Leave every image out, and print the remaining lines below exactly.

(Stored data entries)
────────
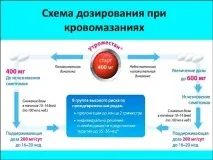 Жовті виділення після Утрожестану після
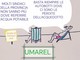LA VIGNETTA DI UMAREL.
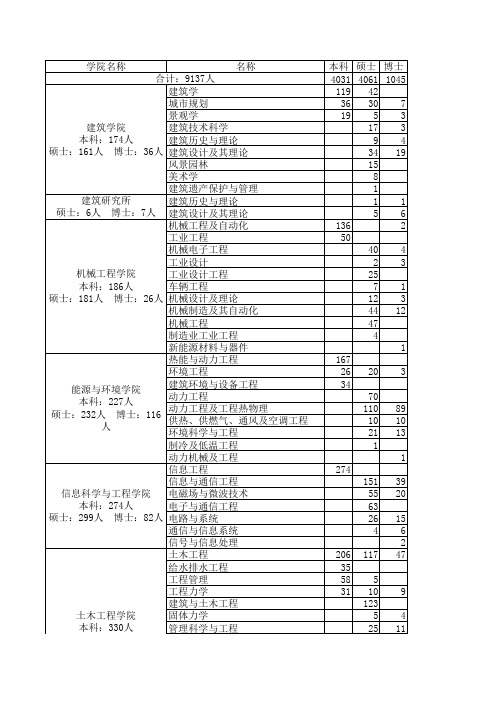 东南大学2014届毕业生生源信息表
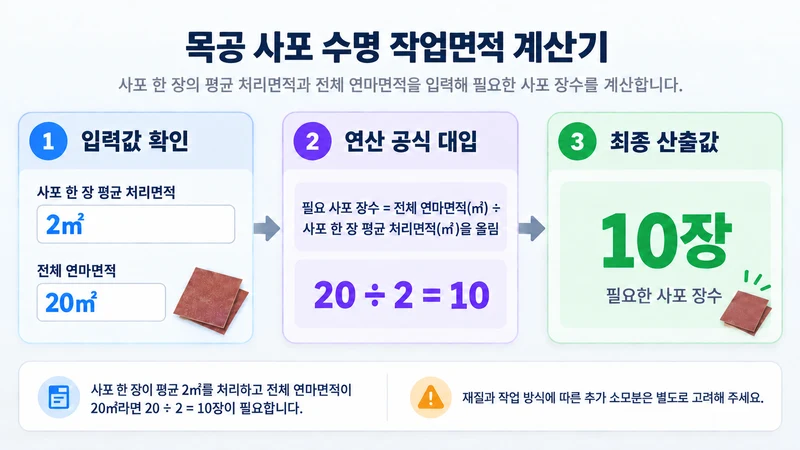 목공 사포 수명 작업면적 계산기 계산 방법 및 공식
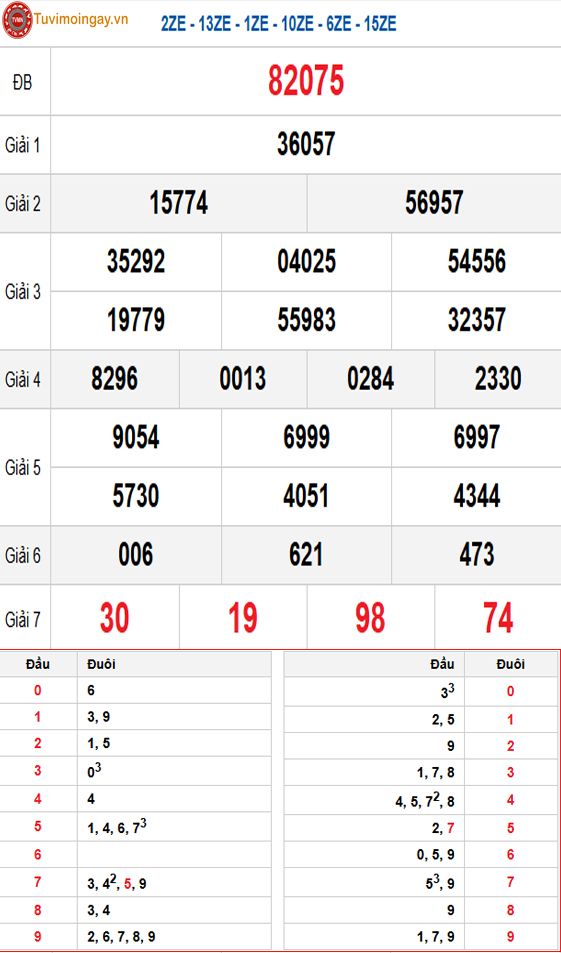 Kết quả xổ số miền Bắc ngày 30 tháng 4 năm 2026 - KQXSMB 30/4 thứ 5 - XSMB 30/4 - SXMB 30/4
────────
→ Response area:
 Жовті виділення після Утрожестану після
LA VIGNETTA DI UMAREL.
 东南大学2014届毕业生生源信息表
 목공 사포 수명 작업면적 계산기 계산 방법 및 공식
 Kết quả xổ số miền Bắc ngày 30 tháng 4 năm 2026 - KQXSMB 30/4 thứ 5 - XSMB 30/4 - SXMB 30/4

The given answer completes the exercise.